Entries provided:
==================================================

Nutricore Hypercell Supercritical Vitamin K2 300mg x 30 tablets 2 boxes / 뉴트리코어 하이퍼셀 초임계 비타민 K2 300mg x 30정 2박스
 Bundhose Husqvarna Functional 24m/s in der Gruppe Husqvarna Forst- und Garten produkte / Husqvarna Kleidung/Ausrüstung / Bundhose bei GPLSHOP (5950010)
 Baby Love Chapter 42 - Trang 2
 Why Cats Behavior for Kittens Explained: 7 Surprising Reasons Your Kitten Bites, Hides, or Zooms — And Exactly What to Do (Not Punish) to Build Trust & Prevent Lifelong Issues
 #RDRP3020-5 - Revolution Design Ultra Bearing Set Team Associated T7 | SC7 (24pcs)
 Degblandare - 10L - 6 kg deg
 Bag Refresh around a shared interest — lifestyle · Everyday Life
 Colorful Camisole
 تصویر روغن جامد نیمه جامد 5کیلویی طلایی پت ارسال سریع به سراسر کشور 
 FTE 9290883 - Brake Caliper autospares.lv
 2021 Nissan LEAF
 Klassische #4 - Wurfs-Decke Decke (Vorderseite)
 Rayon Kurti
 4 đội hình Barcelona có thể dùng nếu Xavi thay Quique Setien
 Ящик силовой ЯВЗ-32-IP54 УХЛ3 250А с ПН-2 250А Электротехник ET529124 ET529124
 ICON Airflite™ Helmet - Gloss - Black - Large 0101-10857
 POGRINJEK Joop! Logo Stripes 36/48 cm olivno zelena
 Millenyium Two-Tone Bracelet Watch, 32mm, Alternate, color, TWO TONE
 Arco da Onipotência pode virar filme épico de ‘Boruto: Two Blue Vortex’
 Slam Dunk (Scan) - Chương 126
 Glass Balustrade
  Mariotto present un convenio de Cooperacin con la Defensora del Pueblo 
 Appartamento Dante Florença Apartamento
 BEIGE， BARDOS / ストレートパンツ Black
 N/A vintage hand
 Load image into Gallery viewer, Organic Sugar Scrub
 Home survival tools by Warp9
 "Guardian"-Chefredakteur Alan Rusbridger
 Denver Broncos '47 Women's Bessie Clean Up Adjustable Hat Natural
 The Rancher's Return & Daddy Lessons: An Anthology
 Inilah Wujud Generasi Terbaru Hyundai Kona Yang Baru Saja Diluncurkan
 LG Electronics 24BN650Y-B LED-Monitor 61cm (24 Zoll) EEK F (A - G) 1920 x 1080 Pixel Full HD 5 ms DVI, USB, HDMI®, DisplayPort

==================================================

Among the entries above, locate the lines containing "#RDRP3020-5 - Revolution" and "Load image into", and transcribe exactly those two lines and all lines between.

 #RDRP3020-5 - Revolution Design Ultra Bearing Set Team Associated T7 | SC7 (24pcs)
 Degblandare - 10L - 6 kg deg
 Bag Refresh around a shared interest — lifestyle · Everyday Life
 Colorful Camisole
 تصویر روغن جامد نیمه جامد 5کیلویی طلایی پت ارسال سریع به سراسر کشور 
 FTE 9290883 - Brake Caliper autospares.lv
 2021 Nissan LEAF
 Klassische #4 - Wurfs-Decke Decke (Vorderseite)
 Rayon Kurti
 4 đội hình Barcelona có thể dùng nếu Xavi thay Quique Setien
 Ящик силовой ЯВЗ-32-IP54 УХЛ3 250А с ПН-2 250А Электротехник ET529124 ET529124
 ICON Airflite™ Helmet - Gloss - Black - Large 0101-10857
 POGRINJEK Joop! Logo Stripes 36/48 cm olivno zelena
 Millenyium Two-Tone Bracelet Watch, 32mm, Alternate, color, TWO TONE
 Arco da Onipotência pode virar filme épico de ‘Boruto: Two Blue Vortex’
 Slam Dunk (Scan) - Chương 126
 Glass Balustrade
  Mariotto present un convenio de Cooperacin con la Defensora del Pueblo 
 Appartamento Dante Florença Apartamento
 BEIGE， BARDOS / ストレートパンツ Black
 N/A vintage hand
 Load image into Gallery viewer, Organic Sugar Scrub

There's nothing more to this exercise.